To date, it seems only the fitness brands can make the smart watch segment work for them, and while attention might have been diverted elsewhere recently, Garmin is having another crack.
Despite the fact revenues are increasing, shipments are increasing, and the usability of the devices are constantly improving, this segment has never really taken off. All positive steps forward have been small rather than industry shaking. Perhaps this was a product which was just ahead of its time, waiting for other technological advancements to catch up. One of these advancements is featuring prominently in the new Garmin launch.
“The vívoactive 3 Music with 4G LTE connectivity gives you everything you need from your phone – safety features, text messaging and the ability to download and listen to music – now on your watch, so customers can leave their phones behind with confidence,” said Dan Bartel, Garmin VP of Global Consumer Sales.
“Designed for customers who lead an active lifestyle, we’re excited to introduce these new safety and communication features to the Verizon-connected vívoactive 3 Music to give added peace of mind on the go, so leaving your phone at home can be a choice instead of a cause for panic.”

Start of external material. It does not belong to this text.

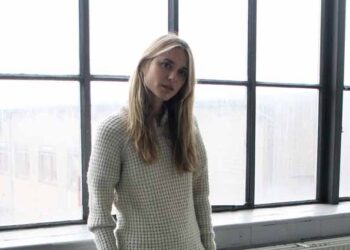 La instagrammer danesa Pernille Teisbaek, en una imagen de la red social.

This new device, the vívoactive 3 Music, will be priced at $299.99 (the north-end of affordability for mass market) and will run on Verizon’s 4G network. The device will feature the same fitness and tracking capabilities as previous generations, as well as a contactless payment solution enabled by FitPay and the ability to download playlists from from third-party music services like Deezer and Spotify. Battery life is up to five days in smart watch mode or four hours when running the GPS.
While it has now been addressed, standalone connectivity was the first barrier to adoption for the smart watch segment. Why would you bother having a smart watch when you had to carry your phone around with you? It tells you the time, so does your phone. It plays music, so does your phone. It took phone calls and replied to messages, so does your phone. If the watch is tethered to your phone, what was the point in it?
In years gone, the fitness niche found success. Fitness tracking, both geographical and health monitoring, was an area of success allowing companies such as Garmin and Fitbit to make profits while others who focused on communications features or attempting to appeal to the fashion conscious struggled to make any notable progress. What Garmin and Fitbit did was not to compete with traditional watchmakers or smartphone manufacturers but create an additional segment. It might have been niche but has been growing steadily over the last couple of years, alongside the much slower (but increasingly more prominent) mass market acceptance of smart watches on the whole.
When you look at the smart watch segment, there certainly has been growth. IDC forecast the worldwide wearables market to ship 122.6 million units in 2018, up 6.2% from the 115.4 million units in 2017, and estimates growth in this segment to hit total shipment volumes of 190.4 million units by 2022. While this is progress, these are not revolutionary sales numbers or even growth which suggests the segment is about to take off.
Nowadays standalone connectivity is not a new thing, however Garmin has an established (and successful) brand in the smart watch segment, as well as a loyal customer base to push the new features onto. Whether this is enough of a pull to take smart watches to the next level remains to be seen, but if experience is anything to go by, the niche players will certainly help validate the smart watch in today’s society.